Supervised Learning continued…
- x $ {\in} $ X (capital X is the input space)
- y $ {\in} $ Y (capital Y is the output space)
Basically, the input space is the set of possible inputs; output space is the set of possible outputs.
- D = {(${x_n}, {y_n}$)}${_n}^{N}$ is the set of all input-output pairs.
N is the dataset size and D is script D.
REMEMBER: there are two types of learning models:
- Classification - Supervised ML model where outputs are categorical where ${y_n}$ is categorical. (ex: classes 0-9 for handwritten digits)

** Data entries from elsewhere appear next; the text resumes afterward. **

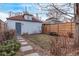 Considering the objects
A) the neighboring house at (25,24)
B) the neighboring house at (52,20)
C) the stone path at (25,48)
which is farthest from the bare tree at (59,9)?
the stone path at (25,48)

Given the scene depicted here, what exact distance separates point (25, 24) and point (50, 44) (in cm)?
34

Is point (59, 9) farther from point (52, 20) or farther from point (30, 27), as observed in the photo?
point (30, 27)

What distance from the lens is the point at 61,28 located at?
76.1 inches

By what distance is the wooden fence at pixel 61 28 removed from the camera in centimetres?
193

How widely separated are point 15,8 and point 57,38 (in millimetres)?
550

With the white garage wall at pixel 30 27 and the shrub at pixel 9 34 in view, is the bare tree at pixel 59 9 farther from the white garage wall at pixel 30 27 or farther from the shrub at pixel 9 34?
the shrub at pixel 9 34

EX: Classifying hand-written digits
- Regression
- Example of model parameters: $ f(x) = a{x^2} + bx + c$ where ${a, b, c}$ are parameters and ${x}$ is the input if ${a = 3, b = 5, c = -4}$ and ${x = 5}$: ${f(5) = 75 + 25 - 4 = 96}$
Example w/ 3-dimensional input:
enter notes here
What is classification?
It is a supervised learning model where the outputs are categorical (${y_n}$ is categorical)
- EX: Hand-written digits (MNIST dataset) where the dataset has 10 different classes (0-9).
NOTE: input for MNIST is a matrix (28 * 28) matrix of pixels (black and white) where each position is heavily accounted for to predict different classes (0-9).
- generalization = how well the model performs with data that it hasn’t used before.
MOST IMPORTANT NOTE: A model’s performance with data that it hasn’t used before will determine whether it is good or not (performance measure).